→ What you need to do
In the entries that follow, the first line to write out is the one containing "On DVD this", and the last is the one containing "Hi guys! So". Reproduce that stretch exactly, with nothing before or after it.

→ Provided records
※ ※ ※

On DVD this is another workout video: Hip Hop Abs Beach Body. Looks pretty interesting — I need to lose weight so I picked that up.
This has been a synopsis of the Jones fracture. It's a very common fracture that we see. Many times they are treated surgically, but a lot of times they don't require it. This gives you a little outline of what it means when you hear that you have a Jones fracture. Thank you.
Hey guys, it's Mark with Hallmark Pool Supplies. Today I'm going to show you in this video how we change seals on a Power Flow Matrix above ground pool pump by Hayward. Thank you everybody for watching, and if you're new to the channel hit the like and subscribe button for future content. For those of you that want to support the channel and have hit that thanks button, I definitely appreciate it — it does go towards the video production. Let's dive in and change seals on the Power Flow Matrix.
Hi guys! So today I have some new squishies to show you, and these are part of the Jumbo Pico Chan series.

※ ※ ※

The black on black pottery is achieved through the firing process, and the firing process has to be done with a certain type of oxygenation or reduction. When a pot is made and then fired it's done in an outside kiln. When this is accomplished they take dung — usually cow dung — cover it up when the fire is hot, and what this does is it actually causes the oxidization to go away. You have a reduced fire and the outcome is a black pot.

※ ※ ※

→ Answer below
On DVD this is another workout video: Hip Hop Abs Beach Body. Looks pretty interesting — I need to lose weight so I picked that up.
This has been a synopsis of the Jones fracture. It's a very common fracture that we see. Many times they are treated surgically, but a lot of times they don't require it. This gives you a little outline of what it means when you hear that you have a Jones fracture. Thank you.
Hey guys, it's Mark with Hallmark Pool Supplies. Today I'm going to show you in this video how we change seals on a Power Flow Matrix above ground pool pump by Hayward. Thank you everybody for watching, and if you're new to the channel hit the like and subscribe button for future content. For those of you that want to support the channel and have hit that thanks button, I definitely appreciate it — it does go towards the video production. Let's dive in and change seals on the Power Flow Matrix.
Hi guys! So today I have some new squishies to show you, and these are part of the Jumbo Pico Chan series.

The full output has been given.